Posiblemente, este Evangelio nos lleva a reflexionar para descubrir qué tenemos, por muy nuestro que sea, que no nos permite ir hacia Dios, —y todavía más— qué nos aleja de Él.

El mismo Jesús nos orienta para saber cuál es el pecado en el que nos hacen caer nuestras cosas (manos, pies y ojos). Jesús habla de los que escandalizan a los pequeños que creen en Él (cf. Mc 9,42). “Escandalizar” es alejar a alguien del Señor. Por lo tanto, valoremos en cada persona su proximidad con Jesús, la fe que tiene.

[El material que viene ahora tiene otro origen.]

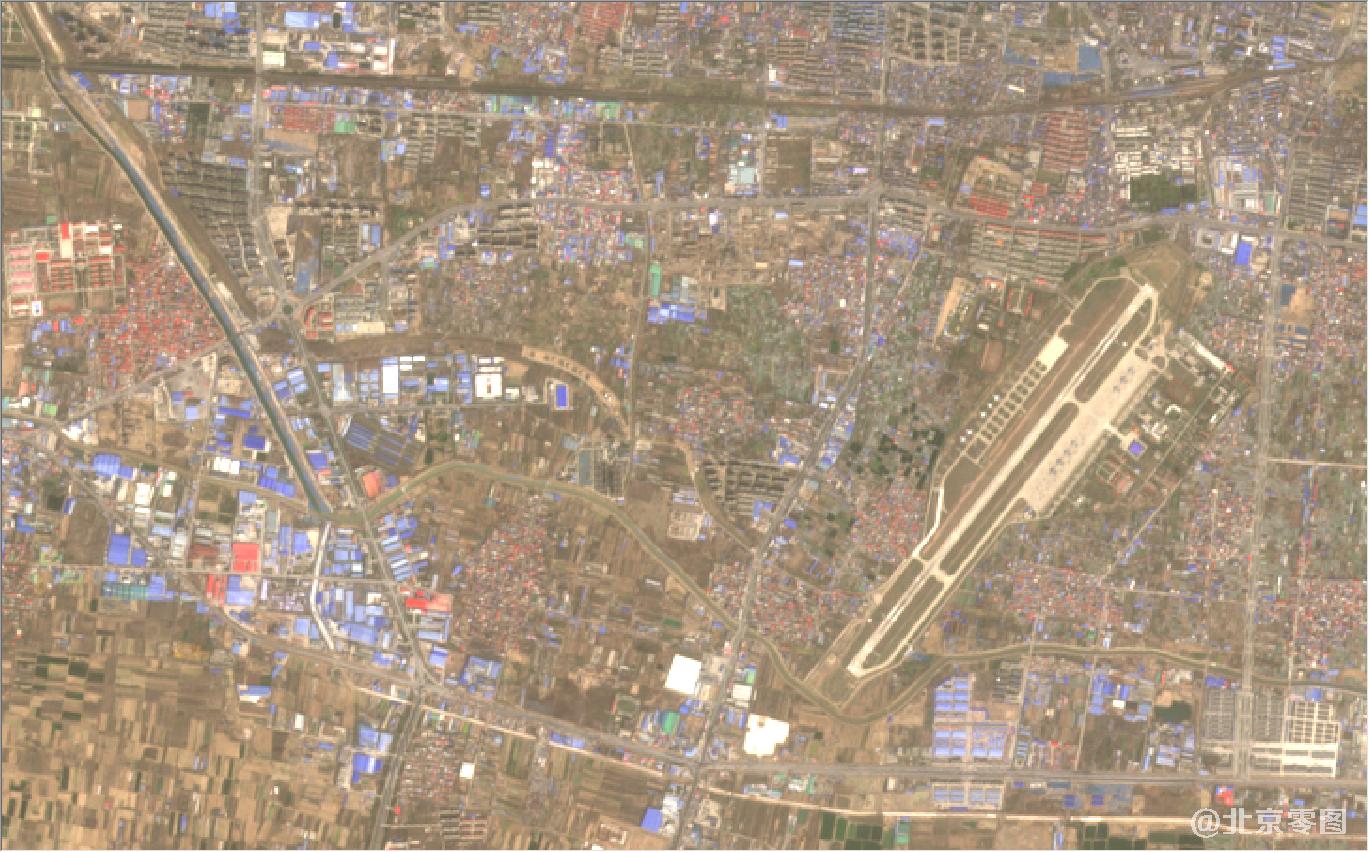 河南省郑州市新郑市最新卫星图-2021年3月份拍摄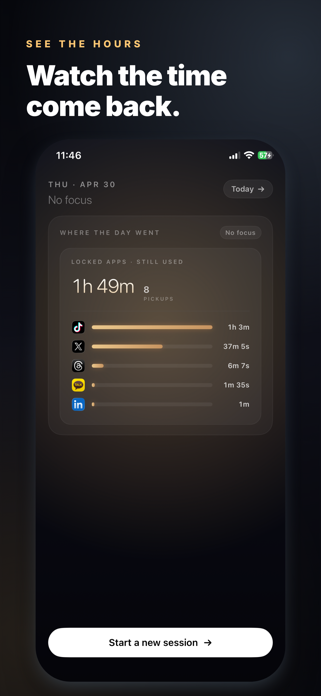 Ritual: Focus Block Schedule Screenshot 5 of 5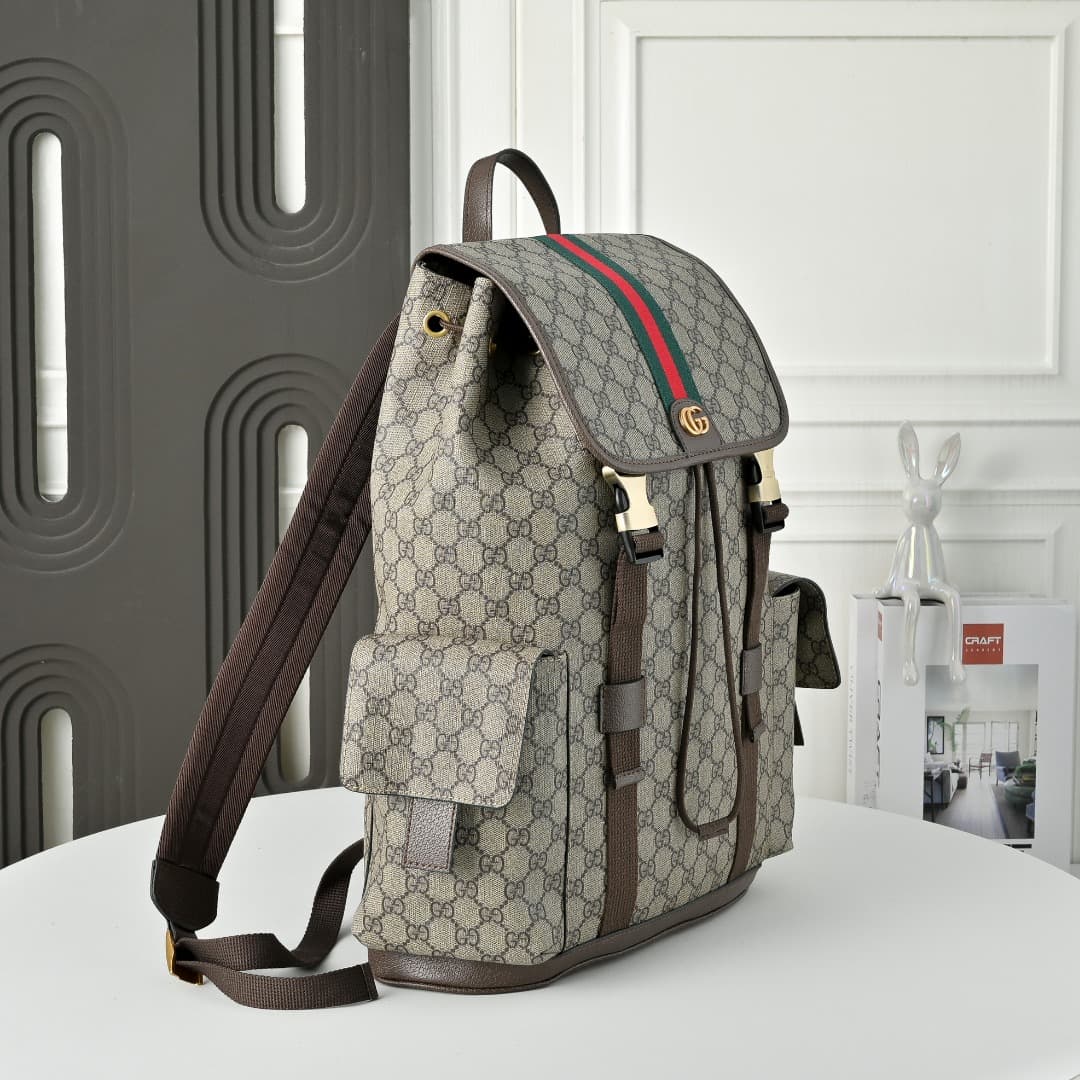 C3886 [Exclusive Background] Real-life photos, original upgraded version 🔥 Ophidia collection large shoulder bag. This collection combines craftsmanship with a classic silhouette and new features. It is made from soft-textured fabric. The bag features a G — image 3
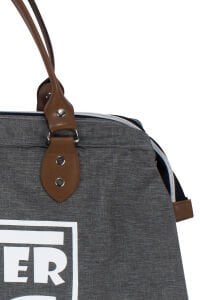 Mother Bag Baskılı Geniş Hacimli Gri Anne Bebek Bakım Omuz Çantası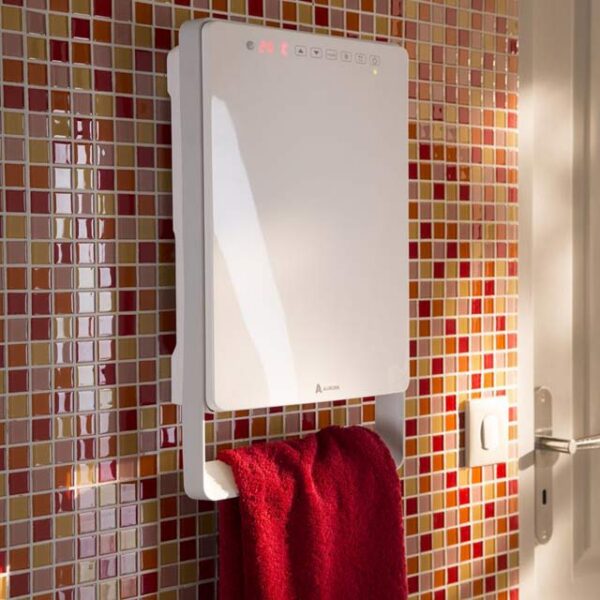 Radialight Touch kúpeľňový rýchloohrievač - pohľad na produkt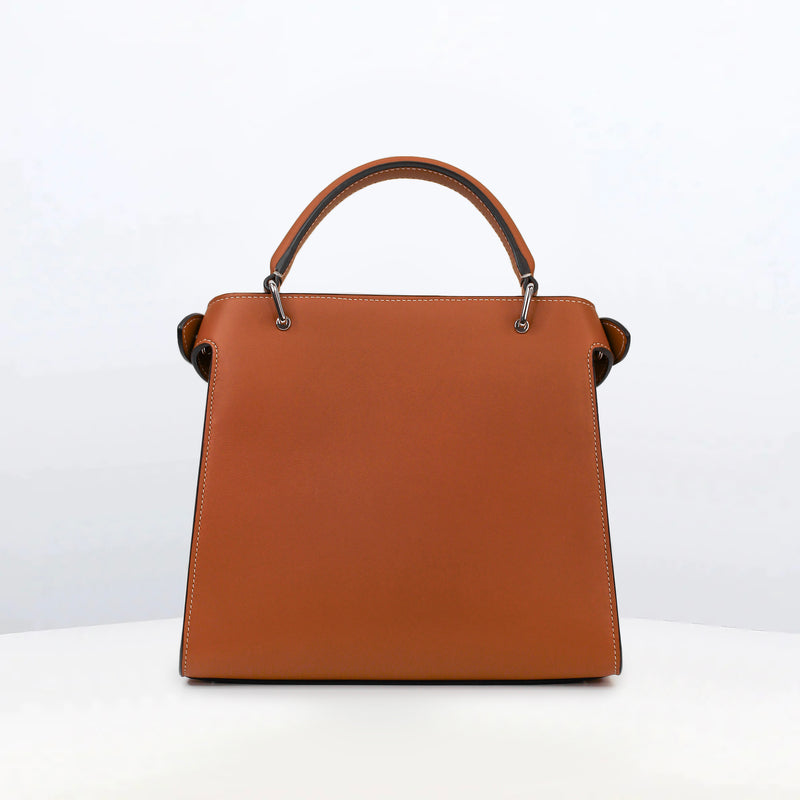 SMOOTH LEATHER HANDBAG LUTECE MINI GOLD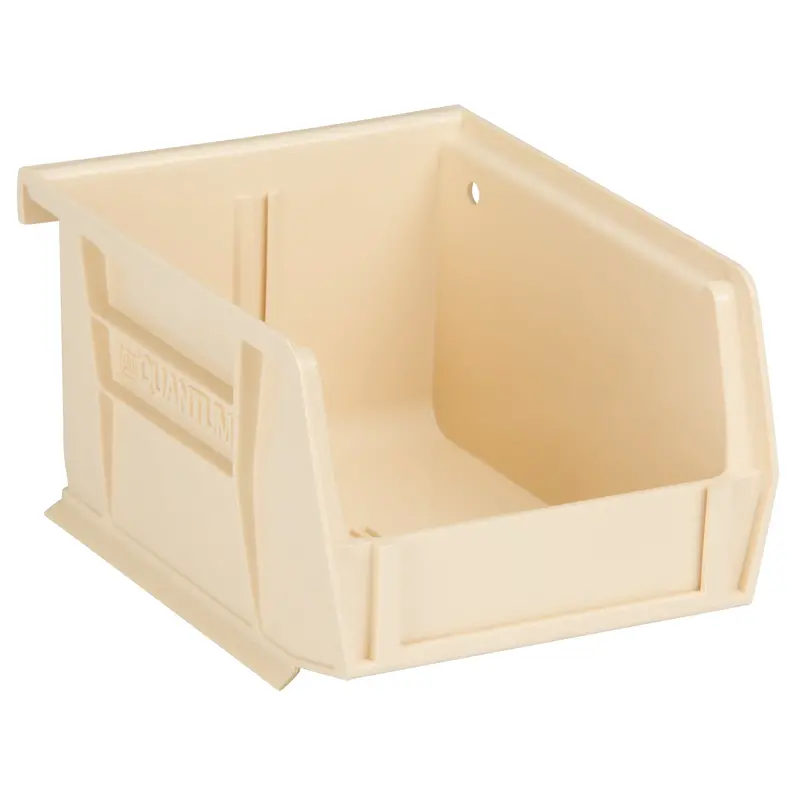 Ultra Stack & Hang Bin, 4-1/8" W X 3" H X 5-3/8" D, Ivory 1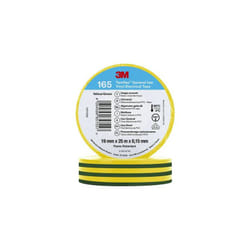 3M - temflex 165 165YG6E ruban isolant temflex 165 jaune (l x l) 25 m x 19 mm 1 pc(s)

Jesús nos enseña que no hace falta ser de los Doce o de los discípulos más íntimos para estar con Él: «El que no está contra nosotros, está por nosotros» (Mc 9,40). Podemos entender que Jesús lo salva todo y “da gato por liebre”. Es una lección del Evangelio de hoy: hay muchos que están más cerca del Reino de Dios de lo que pensamos, porque hacen milagros en nombre de Jesús. Como confesó santa Teresita del Niño Jesús: «El Señor no me podrá premiar según mis obras (...). Pues bien, yo confío en que me premiará según las suyas».